Évidemment, un jeu aussi réussi techniquement ne serait rien sans une direction artistique de premier ordre, et c’est ici aussi vraiment très réussi. Reprenant un style visuel très référentiel, on y retrouve des influences bien françaises réutilisées avec brio. L’ambiance France de carte postale des années 20 fonctionne évidemment, mais cela se combine à un style maquette du plus bel effet avec son effet tilt-shift lors des passages dans la World Map. Les décors alternent entre des environnements lumineux et colorés, et d’autres plus sombres, créant un contraste saisissant qui fait écho au fameux courant pictural du clair-obscur. Ce choix stylistique apporte une profondeur indéniable à l’expérience.

Les décors sont d’ailleurs particulièrement fournis, riches et détaillés, et nous emmènent de zone en zone, toutes plus contrastées les unes des autres. D’abord une forêt, où le vert se marie à l’indigo, mais aussi à des cavernes sombres et poisseuses. Puis il y a la World Map, qui connecte toutes les différentes régions entre elles. Une de ces zones était une arène de boss peuplée de moutons roses, dont le boss tirait visiblement toute sa puissance et sa jolie toison rose bonbon.
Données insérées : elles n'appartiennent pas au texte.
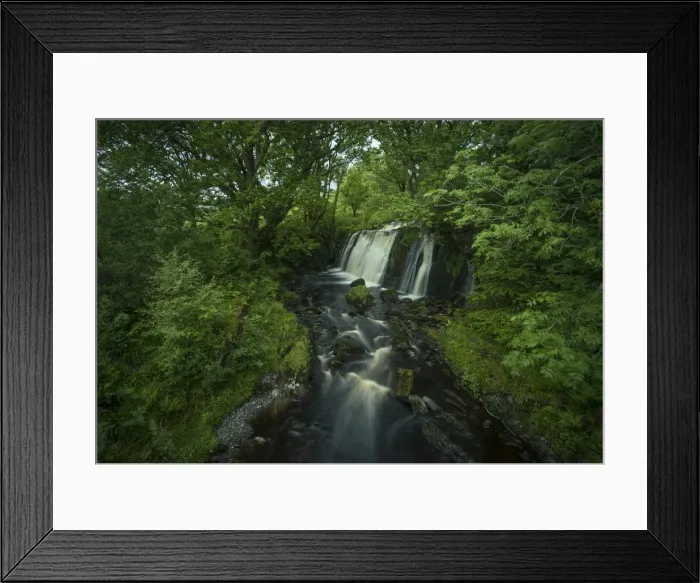 Framed Print : Dalmally falls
Le dernier endroit visitable est sous-marin, et nous avons pu y trouver de beaux coraux ou des mines marines dont certains ennemis se servent comme de ballons de baudruche, mais aussi des créatures au gigantisme terrifiant capables de vous avaler d’une seule action comme une frite.
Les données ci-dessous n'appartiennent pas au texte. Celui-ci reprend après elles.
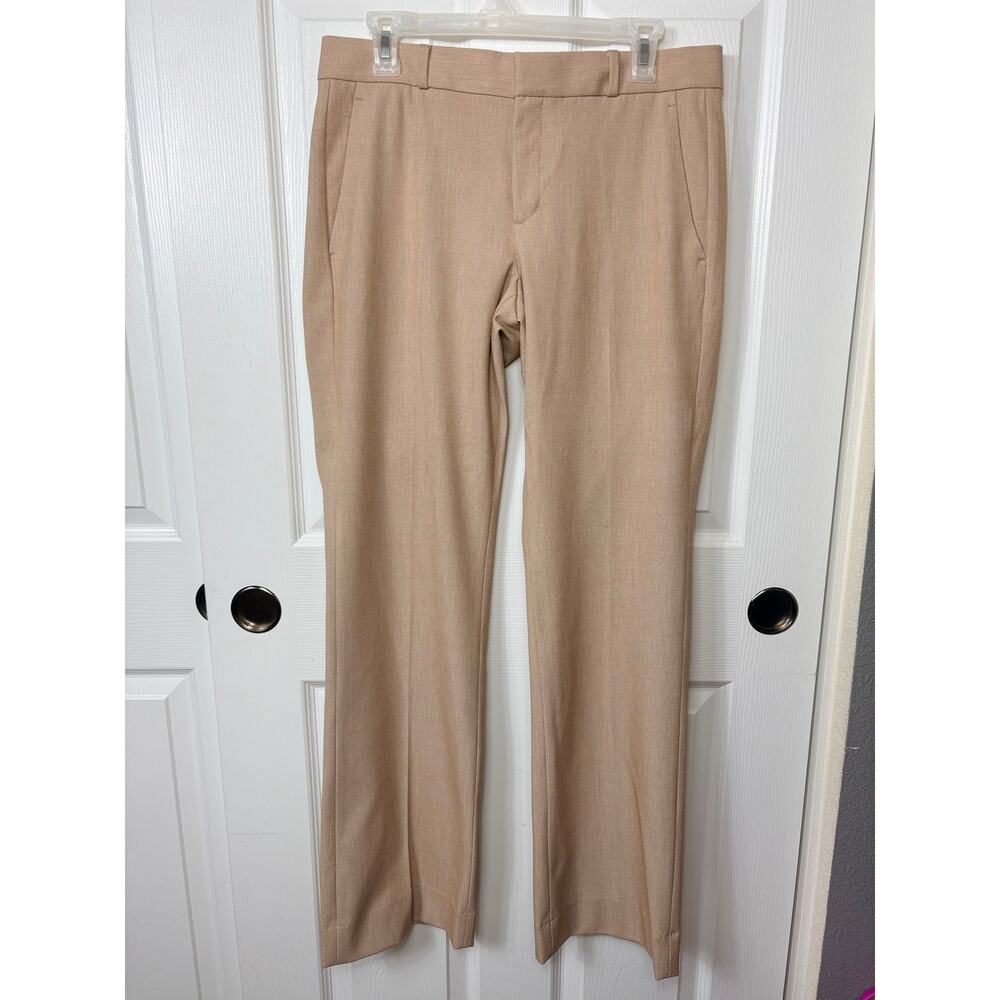 Banana Republic Tailored Straight Leg Pants in Light Tan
Nous avons noté un léger bémol cependant concernant les décors, qui étaient effectivement fournis et superbes, mais au point dans certains cas de gêner la lisibilité de l’exploration. Nul besoin de peinture jaune ou de marqueurs de quêtes je vous rassure, mais certains passages pouvaient parfois se cacher derrière un petit fossé qu’on ne verrait pas forcément au premier regard. Heureusement, les zones semblent assez linéaires d’après ce qu’on a pu voir pour l’instant, un petit tour suffisant pour s’y retrouver et reprendre la route.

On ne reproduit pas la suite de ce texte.